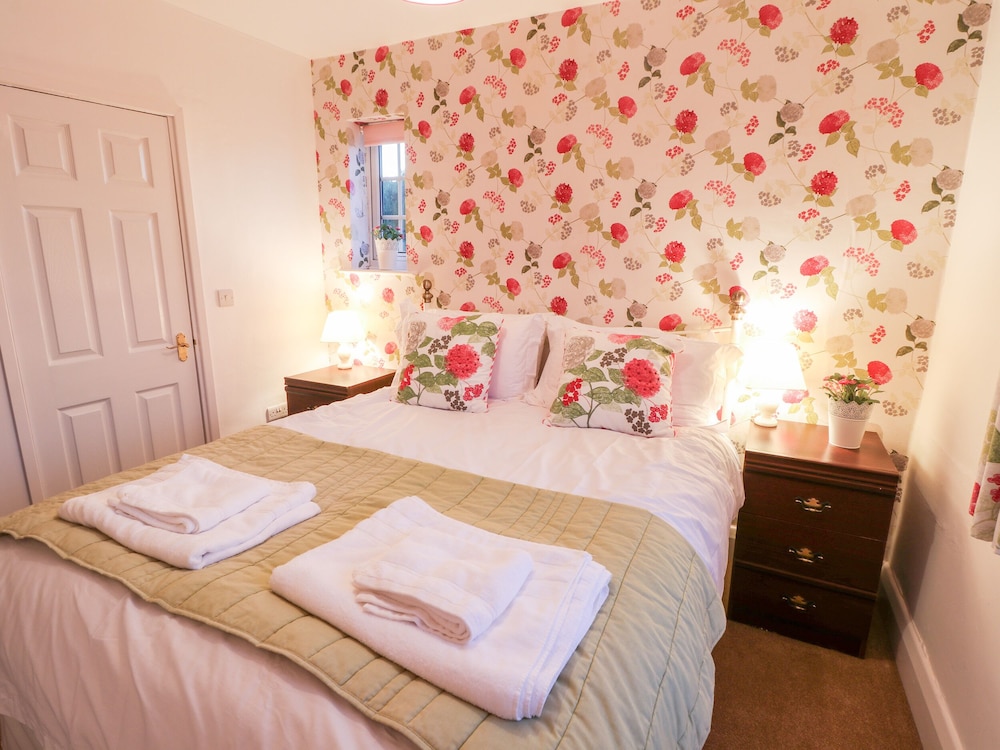 Yardley Manor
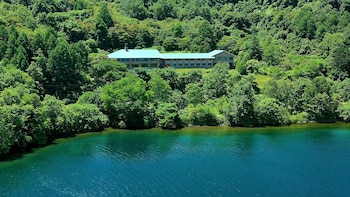 premium-lake-toya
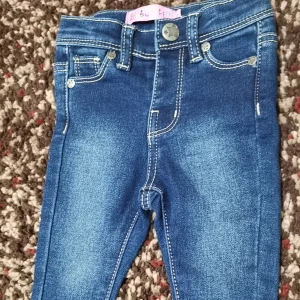 Baby byxa - Baby byxa. Bra som ny. Storlek 68 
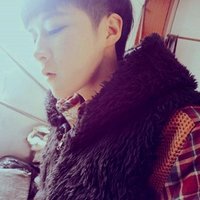 脸上挂着笑容的非主流个性男生头像图片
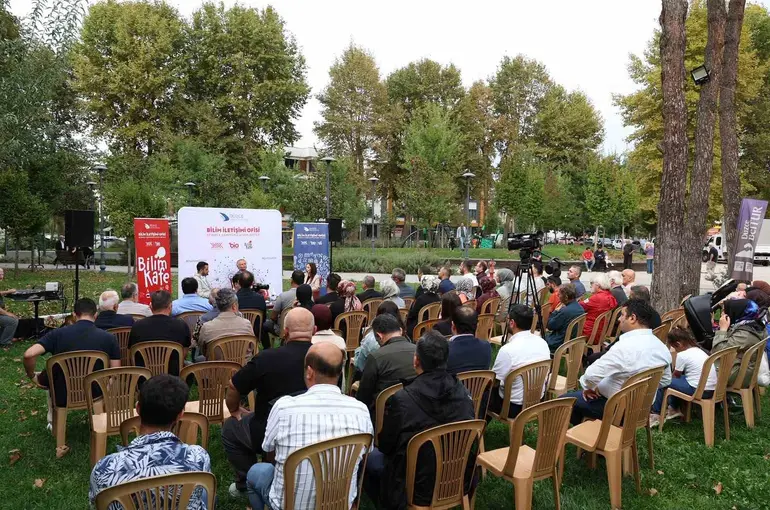 Bilim Kafe’de Gazze’de eğitim ve toplumsal hafıza konuşuldu

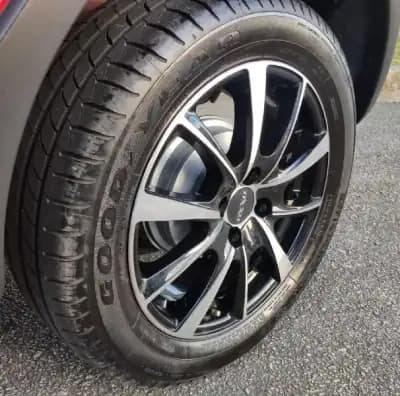 Vendo Dacia Sandero 2014 - 9950 EUR, 161000 km - AUTO.MOTO.pt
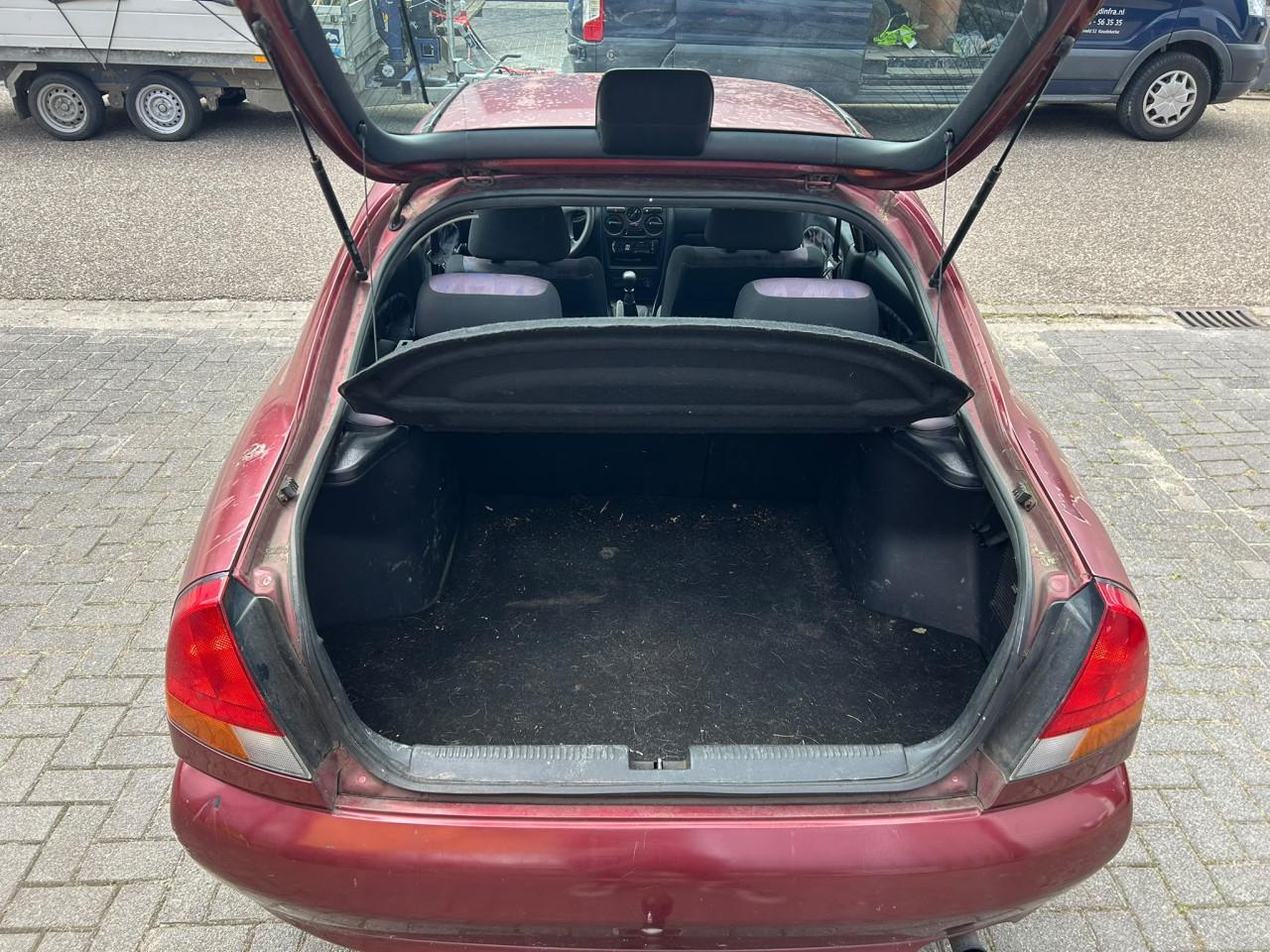Mitsubishi Carisma 1.6 GL Ijskoude airco!/ BT/ Stuurbekrachtiging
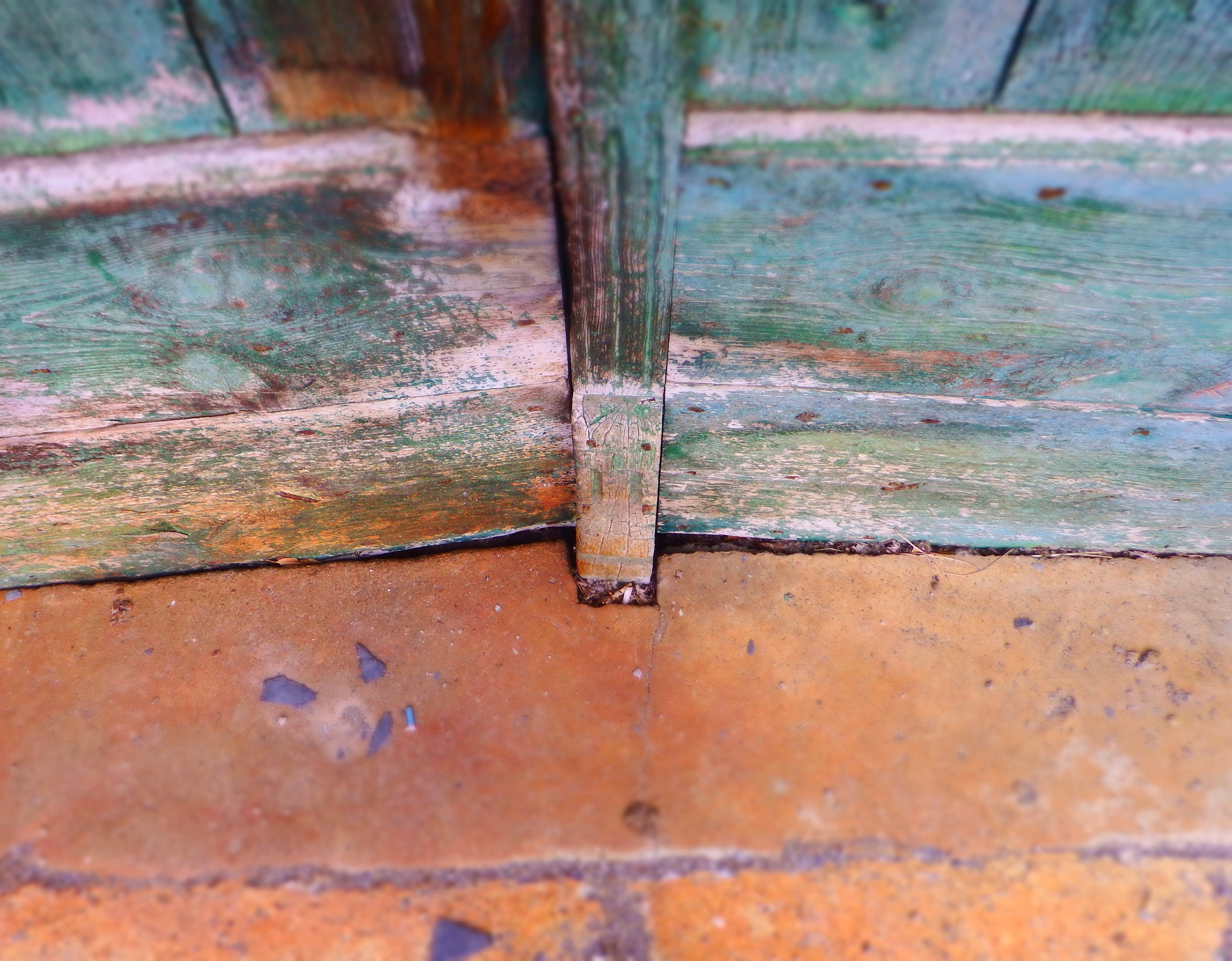 Fujifilm FinePix XP200/XP210 sample photo. Old door. photography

Task instructions
Output each line of the listing above, word for word, from the one holding "Baby byxa - Baby" through the last line, both included; omit the pictures.

Answer
 Baby byxa - Baby byxa. Bra som ny. Storlek 68 
 脸上挂着笑容的非主流个性男生头像图片
 Bilim Kafe’de Gazze’de eğitim ve toplumsal hafıza konuşuldu

 Vendo Dacia Sandero 2014 - 9950 EUR, 161000 km - AUTO.MOTO.pt
Mitsubishi Carisma 1.6 GL Ijskoude airco!/ BT/ Stuurbekrachtiging
 Fujifilm FinePix XP200/XP210 sample photo. Old door. photography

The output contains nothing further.